作为居中调解的推进者,我过滤不利调解的信息,隐瞒申请人执意不调解的态度,走到案件背后,寻找申请人不愿意调解的原因,对症下药解开申请人心结,实现案件调解的最终目的。
谈话中,总助告诉我,王总监与公司法定代表人张总是同窗好友,大学毕业两人合伙创立这家公司,张总管理公司,王总监负责技术,随着公司日益壮大,两人关系也越发微妙,王总监不时发出离职养老的言论。张总认为王总监居功自傲,我行我素,视公司规章制度不顾;王总监认为张总独断专行,过河拆桥,公司规章制度规范的是员工,审批流程需遵守的也是员工,他作为公司二把手是领导不是员工。前不久员工大会上王总监又迟到,张总点名批评他,两人话赶话吵了起来,张总一气之下说要开除王总监,成全他离职养老。王总监哪受过这气,当场摔门而出,随后一周没去公司上班,再然后公司就收到应诉通知书了。

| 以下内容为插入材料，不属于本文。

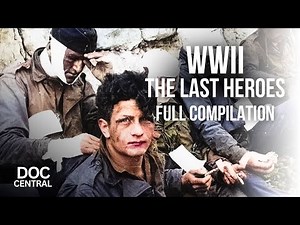 World War II: The Last Heroes FULL Series Compilation | Documentary Central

原来有这层关系,我提出我的想法,总助经过请示,采纳了我的建议。
两天后,我再次电话联系王总监,开始组合信息:“本来不想耽误大家时间,但你们张总打电话来说和解的事,我觉得你有知情权。”
王总监讥讽道:“我没听错吧?日理万机的张总会有时间亲自过问?这么久,我可没接到他电话。”
王总监的回应再次印证了我的推测。
“兴许他用的是公司座机。”我继续我的话题,“他说你是他最要好的朋友,读书时共用一个碗、同睡一个窝,一起创业又吃了很多苦,他很珍惜你们之间的兄弟情……”
王总监打断我:“那些都是过去的事了。”
我反问道:“过去的事通通不作数了?”
“那你说,他要把我当兄弟,会当着那么多人开除我?”
“公是公,私是私,工作和情谊本来就不该混为一谈,人家诸葛亮还挥泪斩马谡。再说,你自己没有一点错?听你同学的意思,他不想你离开公司。如果我是你,我不会轻易离开公司,谁赶我走都不行,那可是自己一手带大的孩子。”
电话那头一阵沉默。
我继续说:“你慎重考虑下。过几天开庭,你同学会过来。”
“你确定他会来?”王总监不可置信地问道。
“我确定。”
因为张总来开庭,是我向总助提的建议。
开庭那天早上,发生了“一笼包子和一杯豆浆”的故事。“没吃早餐吧,吃饱了才有力气。”张总递给王总监一袋小笼包和一杯豆浆。
王总监很诧异,但还是接过早餐,惨然一笑:“记得上回你给我带早餐,也在法庭,那时我们坐在原告席上。”
“公司成立第一年,对方欠我们合同款。”张总回忆道。
王总监补充道:“那可是公司一年的收入。”
“你的胃病就在那时落下的。”
王总监轻轻笑了笑:“你也没好到哪里去,急得满嘴溃疡。”
张总走过去,坐在王总监身边,眼睛布满了红血丝:“回去上班吧,技术公司可以没有总经理,但不能没有技术总监。”
后面的事不说,大家也知道了,王总监撤回了仲裁申请,回公司继续当他的二当家。
年轻的总助问我:“你怎么知道张总一来,王总就会回去?”
“借用史铁生的话,一个拿死说来说去的人,以我的经验来看,其实并不是真的想死,而是还在渴望爱。”